_GIVEN INFORMATION_

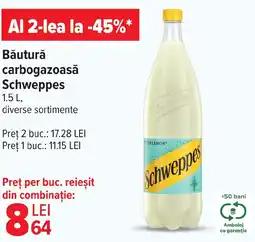 Carrefour Market Băutură carbogazoasă Schweppes Ofertă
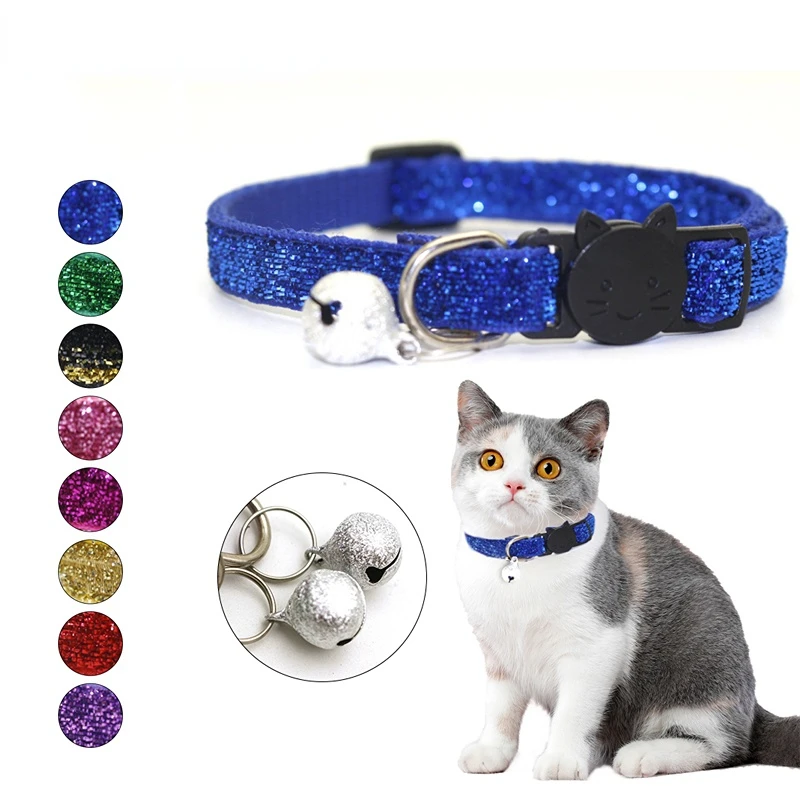 

Ошейник для кошек с колокольчиком, ошейник для котят и собак Тедди, милый галстук-бабочка, ошейники для кошек, искусственный роскошный ошейн...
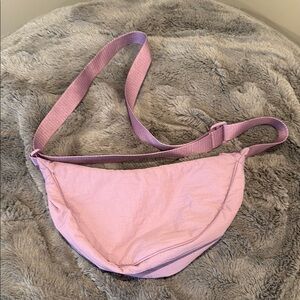 Purple Crossbody Bag - Uniqlo crescent bag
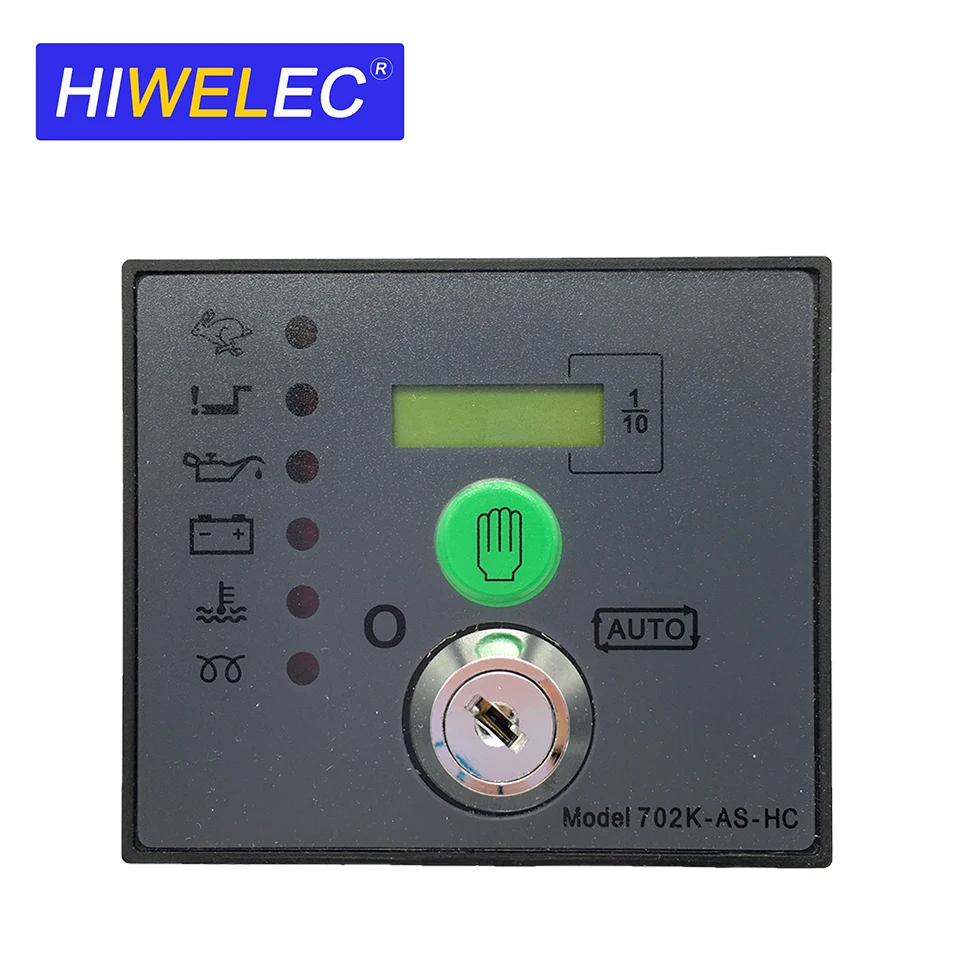 

Панель управления генератором DSE702AS 702AS, модуль автоматического запуска с кнопкой запуска, запчасти для дизельных генераторных установок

_TRY IT_
Print the whole listing exactly. No pictures belong in the copy.

_EXPECTED OUTPUT_
 Carrefour Market Băutură carbogazoasă Schweppes Ofertă

Ошейник для кошек с колокольчиком, ошейник для котят и собак Тедди, милый галстук-бабочка, ошейники для кошек, искусственный роскошный ошейн...
 Purple Crossbody Bag - Uniqlo crescent bag

Панель управления генератором DSE702AS 702AS, модуль автоматического запуска с кнопкой запуска, запчасти для дизельных генераторных установок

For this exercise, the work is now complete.